Why neither keyword search nor vector search alone is enough — and how combining them produces better results than either.

Contents

Most RAG tutorials treat retrieval as a solved problem. Pick an embedding model, run a vector search, call it a day. In practice, that's rarely enough. Users don't query a knowledge base the way they write SQL — they describe what they want, use synonyms, ask vague questions. A retriever built on vector search alone will miss exact matches. One built on keyword search alone will miss meaning. Production systems use both, filtered and fused together.

This post covers the three techniques that make up a modern retrieval pipeline: metadata filtering, BM25 keyword search, and semantic search — combined using Reciprocal Rank Fusion. For each one I'll cover the intuition, the math, and where it breaks down.

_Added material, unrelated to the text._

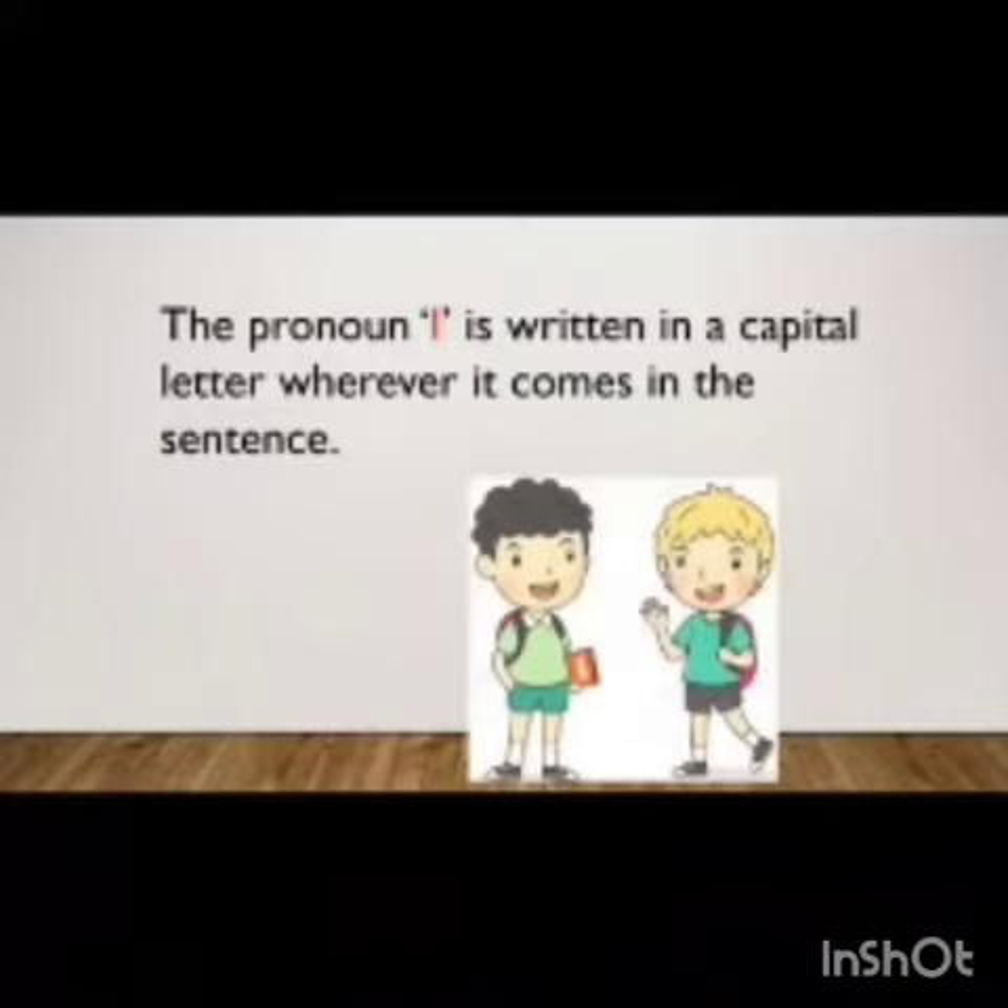We are going to study about pronouns later. Right now, just remember I is written in a capital letter wherever it comes in a sentence. Let's see an example: 'Ravi and I are friends.' In this sentence, even though I is coming in between the sentence, it is still written in capital letter. Why? Because it is the rule that wherever we see I, it will be capital.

Part 1: Metadata Filtering

Metadata filtering is the simplest of the three techniques, and the only one that enforces hard constraints. It narrows down the candidate set using document attributes — author, date, department, access level, region — before any search happens. Think of it as a SQL WHERE clause. A paid subscriber sees different documents than a free user. An internal query returns only documents scoped to that team. Neither BM25 nor semantic search can do this — they rank by relevance, not by rules.

Metadata filtering doesn't rank. It gates. It's always used alongside the other techniques, never alone.

# Weaviate metadata filter example
from weaviate.classes.query import Filter

results = collection.query.fetch_objects(
    filters=Filter.by_property("department").equal("engineering")
    & Filter.by_property("access").equal("internal"),
    limit=50
)

Part 2: BM25

Keyword search treats both the query and each document as a bag of words — order ignored, only counts matter. These counts form a sparse vector, one slot per vocabulary word. All document vectors together make up an inverted index: given a word, instantly find every document containing it.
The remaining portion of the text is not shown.